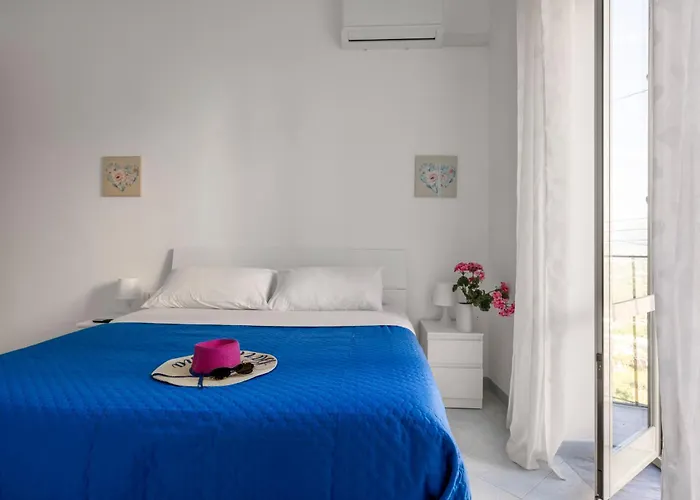 Apartamento La Castellana Apartments, Vista Panoramica Sul Mare, Nel Cuore Storico Di Carini, A Due Passi Dal Duomo E Dal Castello Carini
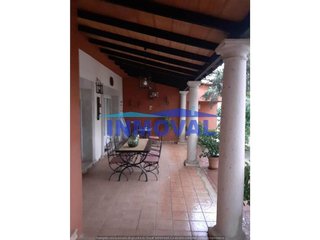 Chalet en venta en Valdepeñas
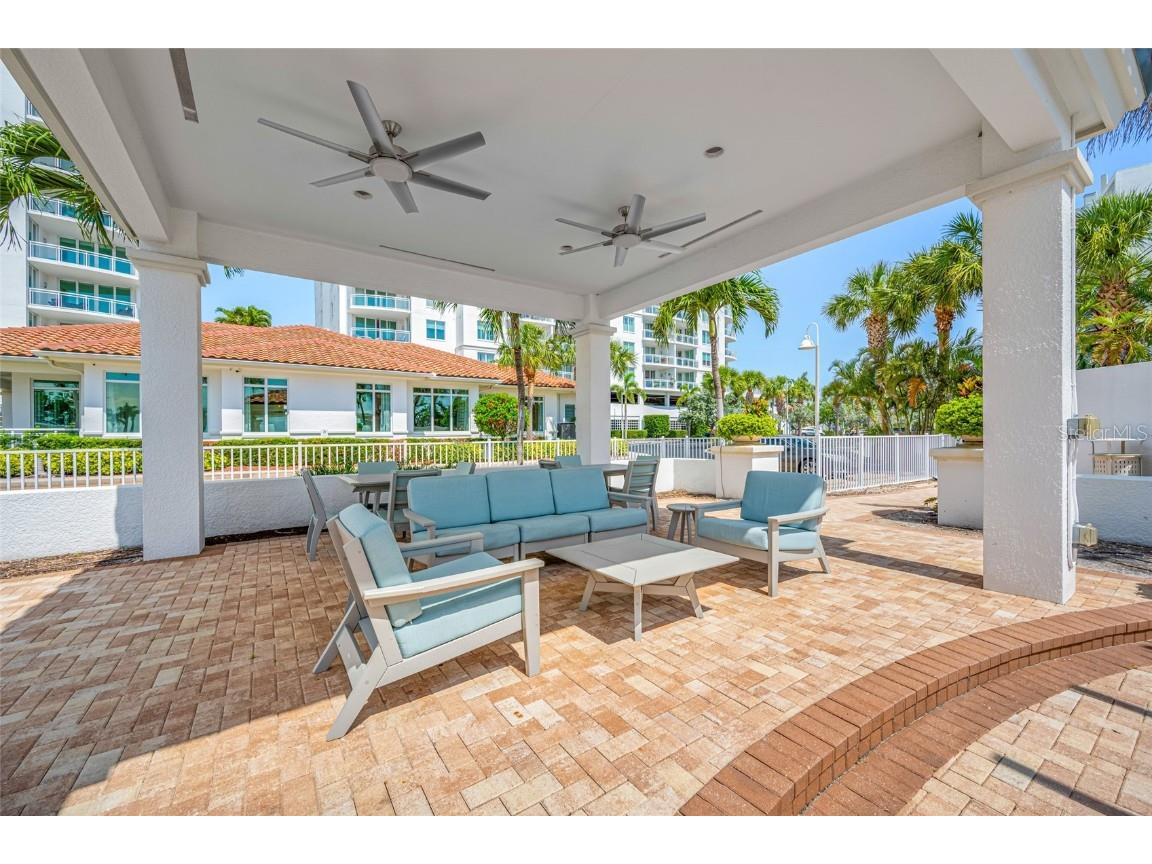 1325 Snell Isle Boulevard NE #810 Saint Petersburg FL 33704 TB8385328 image51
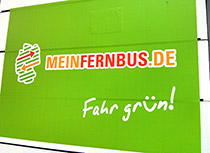 Logo meinfernbus auf grünem Grund am Bussteig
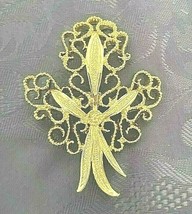 Vintage Gerry&#39;s Gold Tone Ornate Filigree Signed Floral Collectible Pin Broch - £7.21 GBP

----

**What is needed**
In the copy, every entry must appear exactly as written, and no picture may appear.

**Answer to the problem**
 Apartamento La Castellana Apartments, Vista Panoramica Sul Mare, Nel Cuore Storico Di Carini, A Due Passi Dal Duomo E Dal Castello Carini
 Chalet en venta en Valdepeñas
 1325 Snell Isle Boulevard NE #810 Saint Petersburg FL 33704 TB8385328 image51
 Logo meinfernbus auf grünem Grund am Bussteig
 Vintage Gerry&#39;s Gold Tone Ornate Filigree Signed Floral Collectible Pin Broch - £7.21 GBP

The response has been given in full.